Be in no doubt. In Italy, perhaps not surprisingly, the tifosi are not too thrilled about it – on the Ferrari website many erstwhile fans branded Michael a ‘traitor’, and he may well face a hostile reception when he gets to Monza in September. But everywhere else the news has been rapturously received, and many, myself included, are savouring the prospects for the coming season more than for a long time. As JYS points out, there are many really good F1 drivers at the moment.

One of them, of course, is Sebastian Vettel, and that raises an interesting point in itself, for Schumacher has never before had to confront another superstar from his own country.

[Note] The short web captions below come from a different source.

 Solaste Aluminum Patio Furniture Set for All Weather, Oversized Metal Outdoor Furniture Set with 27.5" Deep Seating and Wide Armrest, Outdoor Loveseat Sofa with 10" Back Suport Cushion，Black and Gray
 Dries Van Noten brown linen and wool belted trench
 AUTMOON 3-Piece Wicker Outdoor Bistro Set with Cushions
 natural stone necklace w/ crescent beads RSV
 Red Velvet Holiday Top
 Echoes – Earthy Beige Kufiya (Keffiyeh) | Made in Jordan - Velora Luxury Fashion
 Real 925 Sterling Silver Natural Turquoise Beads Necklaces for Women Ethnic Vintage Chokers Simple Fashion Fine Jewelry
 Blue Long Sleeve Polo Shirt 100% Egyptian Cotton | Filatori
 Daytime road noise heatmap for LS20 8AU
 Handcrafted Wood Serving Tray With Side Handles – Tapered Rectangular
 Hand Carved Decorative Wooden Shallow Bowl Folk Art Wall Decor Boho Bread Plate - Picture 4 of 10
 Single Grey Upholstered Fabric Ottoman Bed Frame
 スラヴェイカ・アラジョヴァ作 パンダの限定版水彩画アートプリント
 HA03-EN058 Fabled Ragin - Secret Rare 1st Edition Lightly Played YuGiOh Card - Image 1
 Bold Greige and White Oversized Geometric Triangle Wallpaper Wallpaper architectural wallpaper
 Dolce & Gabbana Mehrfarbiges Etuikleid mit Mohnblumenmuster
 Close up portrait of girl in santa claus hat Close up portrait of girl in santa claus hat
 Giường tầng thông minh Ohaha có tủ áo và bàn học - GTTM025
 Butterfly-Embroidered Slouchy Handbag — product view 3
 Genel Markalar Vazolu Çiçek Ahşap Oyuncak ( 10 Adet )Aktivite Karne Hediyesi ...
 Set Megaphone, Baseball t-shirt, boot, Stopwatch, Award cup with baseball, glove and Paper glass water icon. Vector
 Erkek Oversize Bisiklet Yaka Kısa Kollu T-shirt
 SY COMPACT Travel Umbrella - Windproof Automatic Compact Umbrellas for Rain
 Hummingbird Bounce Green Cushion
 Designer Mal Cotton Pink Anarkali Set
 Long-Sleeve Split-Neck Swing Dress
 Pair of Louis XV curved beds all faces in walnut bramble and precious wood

Other things will be different, too. A few years ago, during their Ferrari days, Brawn attributed much of Schumacher’s success to the fact that he worked harder than his rivals: “You can say to him, ‘Have a couple of weeks off, Michael’, between the races, and you’ll get a phone call after a few days: ‘How’s the testing going? Any chance of trying it?’ And he’ll be down immediately! With some drivers, you’ve got to give them a schedule for the whole year, and pick out the days they’re going to go testing – and then if you change it, it’s, ‘Oh, I’ve made my holiday plans’ or whatever. My reaction to that sort of thing has always been, ‘Look, mate, this is your job’, but there’s never any need for it with Michael. He never gets tired of testing – in fact, he loves it…”

Now, though, we are into the age of austerity, and testing is confined to eight days, all before the start of the season. This is something Schumacher will regret more than most.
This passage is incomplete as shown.